Gervaise a pu s’établir en empruntant de l’argent. Coupeau ne travaille plus que par à-coups ; il a commencé par ne prendre que du vin, il rentre éméché, puis les cuites s’accentuent, il vit dans un perpétuel mal de cheveux qui lui enlève toute énergie et le tient altéré, rôdant chez tous les marchands de vin du quartier. Les Lorilleux ont repris sur lui leur ancienne influence et désunissent sournoisement le ménage. Coupeau ne se gêne plus ; du vin il passe à l’eau-de-vie, il devient un fidèle client du père Colombe ; ce sont maintenant des ivresses blanches. La boisson l’a rendu tout à fait coulant sur le chapitre de la fidélité conjugale ; il a ramené Lantier chez lui, l’a réconcilié avec Gervaise et ce sont des noces à tout casser entre les deux hommes, une promiscuité où Coupeau achève de perdre toute dignité. Il ne touche plus aux outils, mange beaucoup, prospère dans l’alcool, il a engraissé, sa face d’ivrogne se culotte, ses cheveux maintenant poivre et sel, en coup de vent, flambent en brûlot, il lui faut sa pâtée matin et soir, il ne s’inquiète pas d’où elle lui tombe.

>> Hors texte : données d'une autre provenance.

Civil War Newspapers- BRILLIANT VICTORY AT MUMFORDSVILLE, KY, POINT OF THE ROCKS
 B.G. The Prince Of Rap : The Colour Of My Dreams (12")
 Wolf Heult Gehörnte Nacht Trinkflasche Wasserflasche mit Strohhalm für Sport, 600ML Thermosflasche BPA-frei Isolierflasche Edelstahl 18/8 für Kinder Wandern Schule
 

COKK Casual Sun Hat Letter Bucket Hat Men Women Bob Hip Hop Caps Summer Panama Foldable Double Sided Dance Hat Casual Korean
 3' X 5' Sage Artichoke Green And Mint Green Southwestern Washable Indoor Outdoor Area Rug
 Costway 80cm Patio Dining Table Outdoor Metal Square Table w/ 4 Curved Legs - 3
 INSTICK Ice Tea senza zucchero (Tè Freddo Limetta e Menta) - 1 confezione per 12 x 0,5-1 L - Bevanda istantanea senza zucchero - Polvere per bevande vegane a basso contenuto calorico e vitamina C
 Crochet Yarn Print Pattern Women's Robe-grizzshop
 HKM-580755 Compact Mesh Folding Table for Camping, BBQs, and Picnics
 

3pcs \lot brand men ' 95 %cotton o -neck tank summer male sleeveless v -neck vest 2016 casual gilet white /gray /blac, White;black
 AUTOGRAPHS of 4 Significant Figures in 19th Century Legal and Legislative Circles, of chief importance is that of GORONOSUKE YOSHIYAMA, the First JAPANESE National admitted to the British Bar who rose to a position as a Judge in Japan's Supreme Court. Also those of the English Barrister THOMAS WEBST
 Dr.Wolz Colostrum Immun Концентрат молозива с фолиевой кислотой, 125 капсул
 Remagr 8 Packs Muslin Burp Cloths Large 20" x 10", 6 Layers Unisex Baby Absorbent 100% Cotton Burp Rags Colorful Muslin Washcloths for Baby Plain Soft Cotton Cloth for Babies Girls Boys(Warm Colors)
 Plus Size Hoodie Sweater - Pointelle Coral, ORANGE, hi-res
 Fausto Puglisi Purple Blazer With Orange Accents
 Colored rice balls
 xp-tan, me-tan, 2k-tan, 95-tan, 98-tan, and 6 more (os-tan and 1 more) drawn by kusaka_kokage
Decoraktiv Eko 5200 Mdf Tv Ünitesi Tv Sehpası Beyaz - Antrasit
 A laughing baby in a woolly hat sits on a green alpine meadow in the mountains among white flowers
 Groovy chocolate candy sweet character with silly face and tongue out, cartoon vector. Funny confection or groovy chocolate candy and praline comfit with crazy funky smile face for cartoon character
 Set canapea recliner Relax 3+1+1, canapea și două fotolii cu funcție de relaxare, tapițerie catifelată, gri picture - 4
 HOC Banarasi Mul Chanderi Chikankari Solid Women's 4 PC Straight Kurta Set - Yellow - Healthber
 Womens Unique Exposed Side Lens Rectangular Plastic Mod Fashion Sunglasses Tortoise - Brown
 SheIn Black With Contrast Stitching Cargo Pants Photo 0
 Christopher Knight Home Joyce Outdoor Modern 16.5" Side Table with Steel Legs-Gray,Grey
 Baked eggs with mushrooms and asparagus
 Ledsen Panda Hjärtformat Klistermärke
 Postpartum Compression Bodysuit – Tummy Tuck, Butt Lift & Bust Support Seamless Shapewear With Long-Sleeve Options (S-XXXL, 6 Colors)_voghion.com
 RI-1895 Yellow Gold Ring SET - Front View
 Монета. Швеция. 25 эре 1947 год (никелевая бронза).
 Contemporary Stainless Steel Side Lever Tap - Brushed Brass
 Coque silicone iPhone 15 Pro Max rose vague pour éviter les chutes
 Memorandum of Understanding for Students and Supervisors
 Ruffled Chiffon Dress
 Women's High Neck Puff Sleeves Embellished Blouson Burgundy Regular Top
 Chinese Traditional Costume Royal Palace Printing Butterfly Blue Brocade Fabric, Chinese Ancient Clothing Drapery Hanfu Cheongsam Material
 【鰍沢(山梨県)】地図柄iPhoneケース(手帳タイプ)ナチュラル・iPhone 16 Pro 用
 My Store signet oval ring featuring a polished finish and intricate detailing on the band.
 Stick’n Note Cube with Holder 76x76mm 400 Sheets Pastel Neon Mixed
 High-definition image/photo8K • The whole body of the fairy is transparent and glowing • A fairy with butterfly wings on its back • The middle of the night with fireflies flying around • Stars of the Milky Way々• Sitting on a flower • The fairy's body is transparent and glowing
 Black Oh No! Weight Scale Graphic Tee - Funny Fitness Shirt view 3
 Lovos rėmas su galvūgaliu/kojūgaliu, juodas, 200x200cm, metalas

Coupeau assiste indifférent à la lente déchéance de sa femme ; il a pleuré comme un veau devant sa mère morte, mais rien ne peut plus le corriger, les ravages de l’alcool s’accentuent, il lui faut une chopine d’eau-de-vie par jour, son teint se plombe, ses mains se mettent à trembler. On l’a transporté à Lariboisière, pour une fluxion de poitrine ; on est obligé de l’envoyer à Sainte-Anne, il a le délire. Sept fois en trois ans, il subit cet internement chez les fous, ne sortant que pour voir Gervaise de plus en plus avachie, l’habituant à boire, la poussant à la prostitution, provoquant par ses grossièretés la fuite de Nana. C’est le relâchement complet, l’anéantissement de la famille. À cette époque, le poison achève son œuvre. Le corps du malheureux, imbibé d’alcool, commence à se ratatiner. Les joues creuses, les yeux dégoûtants, l’ancien zingueur passe courbé, vacillant, vieux comme les rues. Il est devenu sourd d’une oreille en quelques jours, sa vue baisse, puis ce sont des paralysies partielles. Âgé de quarante-quatre ans, Coupeau finit par mourir à l’asile Sainte-Anne, dans un dernier accès de folie alcoolique.